● **DATASET EXTRACT**
········

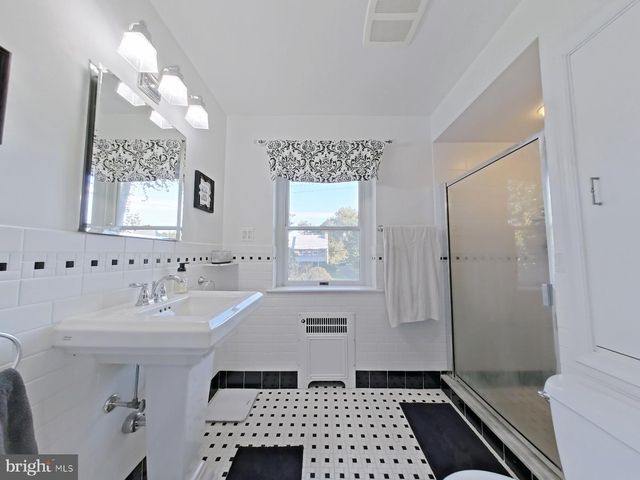 900 MELROSE AVE, Elkins Park, PA 19027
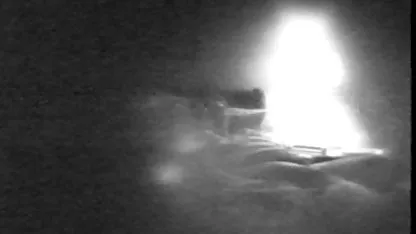 Mon voisin me demande une bite, je suis marié mais je la lui donne ..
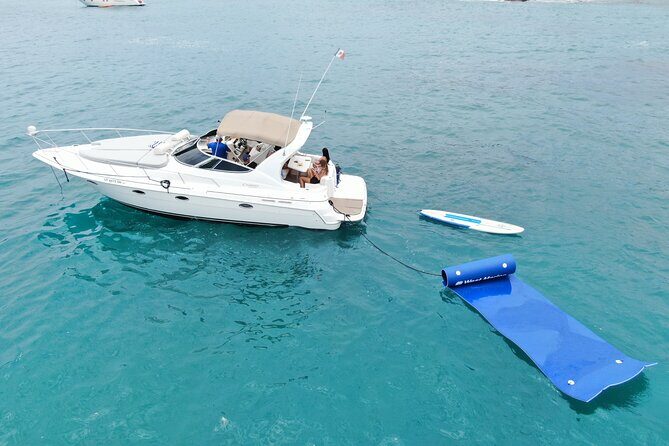 Cabo San Lucas Yacht Rental all inclusive - Service on the water: crews, captains, and the vibe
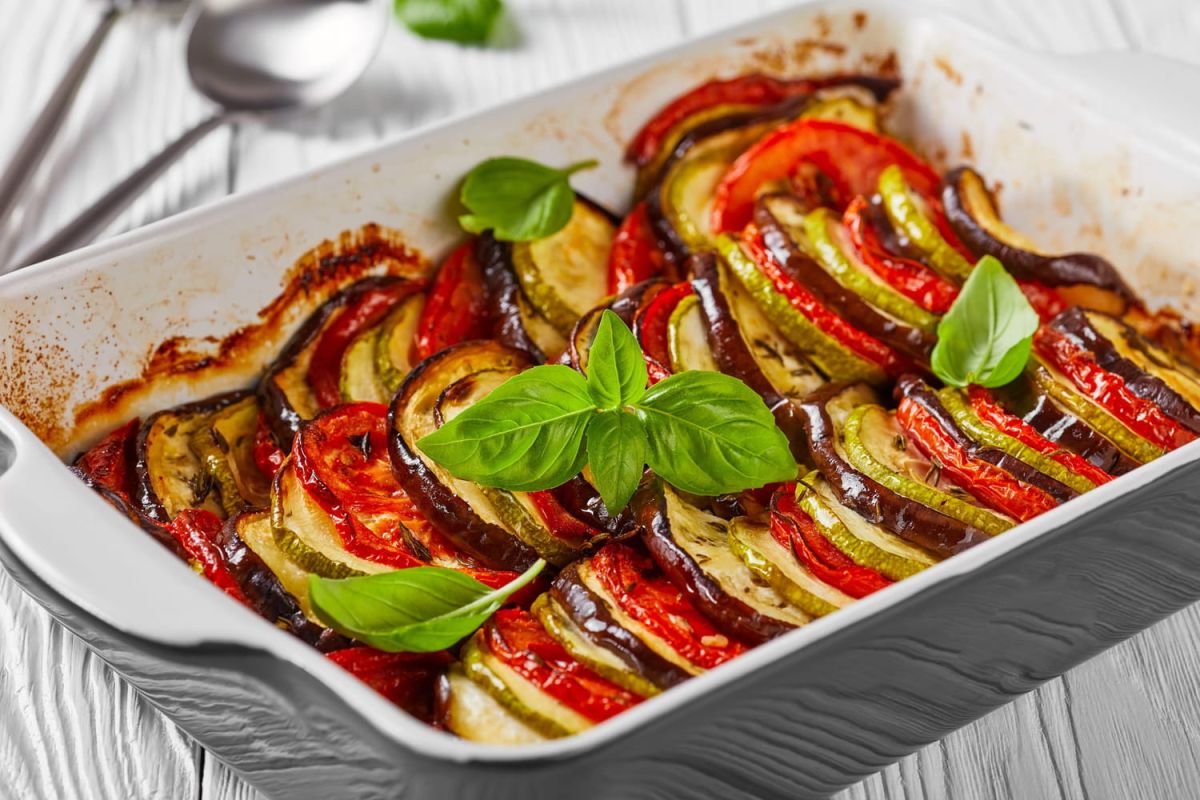 Découvrez la recette estivale du tian de légumes par Cyril Lignac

········

● **YOUR INSTRUCTIONS**
In the copy you return, include exactly the lines from the one containing "Mon voisin me" through the final line of the listing, and no pictures.

● **THE COMPLETED TASK**
 Mon voisin me demande une bite, je suis marié mais je la lui donne ..
 Cabo San Lucas Yacht Rental all inclusive - Service on the water: crews, captains, and the vibe
 Découvrez la recette estivale du tian de légumes par Cyril Lignac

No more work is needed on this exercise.